Sure, from a coding point of view they’re different, but from an end-user’s point of view they’re the same.

fearphage 18. February 2009, 14:20

Originally posted by Robin_reala:

Opera takes a particular site that doesn’t work well and adjusts the user experience to work (with Browser JavaScript)

Difference being that opera is working around browser detection/blocking and opera bugs. It is not superimposing a different layout engine. Each version of Opera, Safari, Chrome, and Firefox has a single layout engine. Unlike IE which is trying to bandaid the world. Some people's sites need to break in standards modes or they never will learn that the filth they are putting out is not acceptable. (Yes, I'm talking to you ie-only intranet developers!!!one!!eleven!!!)

Robin_reala 18. February 2009, 14:27

Some people's sites need to break in standards modes or they never will learn that the filth they are putting out is not acceptable.


I agree. Really, the difference is market share. It just feels a bit weird for Haavard to describe what IE does as ‘bad news’ when to the end-user it’s the same thing he does as a day job for Opera.

fearphage 18. February 2009, 14:44

Originally posted by Robin_reala:

It just feels a bit weird for Haavard to describe what IE does as ‘bad news’

A more concise response is browser.js works around opera bugs and prevents/alters browser detection/blocking. IE8's compatibility mode allows people to continue developing for (broken) IE7 -- which is just wrong. The web is advancing. Go with it or get lost.

Originally posted by Robin_reala:

when to the end-user it’s the same thing

Why are you referring to compatibility mode, browser.js, and end-users in the same sentence? Most end-users won't know what any of those are much less what they mean/do.

Forcing a page into IE7-mode is drastically different than cleaning up erroneous code. Don't you agree?

haavard 18. February 2009, 14:52

My day job is QA, not coding.
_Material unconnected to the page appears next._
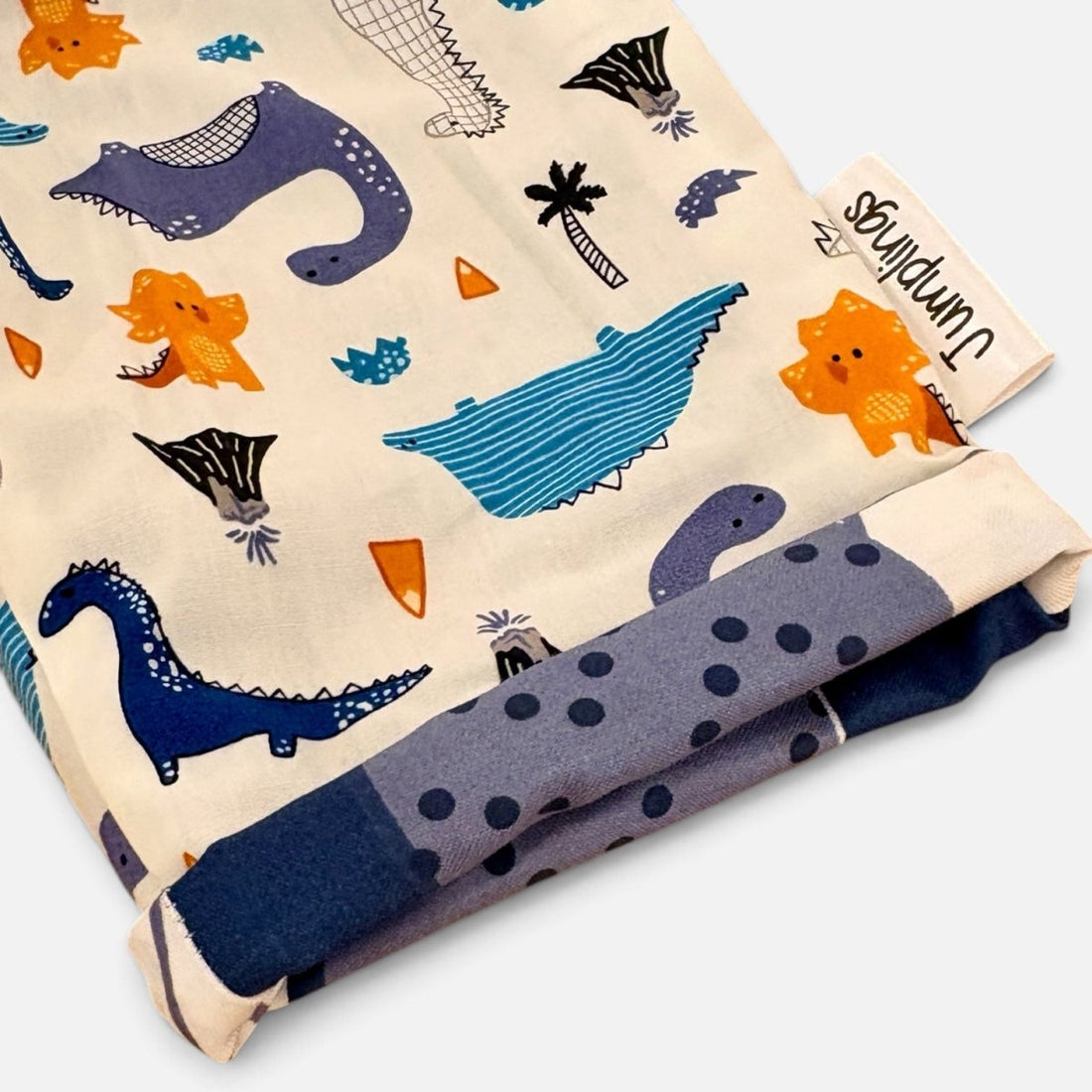 A folded fabric item, likely a blanket or scarf, featuring a whimsical dinosaur and prehistoric animal print on a cream background. The print includes blue, purple, and orange dinosaurs, alongside a matching blue polka-dot reverse side.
I'm not involved in Browser JS work at all.

The difference between Opera and Microsoft's approaches should be fairly obvious. While Opera uses the same engine and remains as standards compliant as when Browser JS isn't applied, Microsoft actually completely switches to a completely different engine which is less standards compliant.

Robin_reala 18. February 2009, 14:53

Forcing a page into IE7-mode is drastically different than cleaning up erroneous code.


Yes, I agree. End of the day, it seems to me that both of these approaches are bad for the short-term health of the web, but that combined with appropriate evangelism can ease the transition for users. Long term health of the web is only achieved by persuading developers to use up-to-date methodologies.

Robin_reala 18. February 2009, 14:55

My day job is QA, not coding. I'm not involved in Browser JS work at all.


My mistake, apologies.

sirnh1 18. February 2009, 15:26

Why can't Microsoft just drop the IE6 and IE7 engines and force people to upgrade? Sites that don't render well will just need to be updated...
I mean keeping the IE6 and IE7 enginges embedded is not a solution. What when IE10 (or maybe even IE15 :eyes: ) comes out? Will they keep all previous versions of IE embedded, because of Compatibility reasons?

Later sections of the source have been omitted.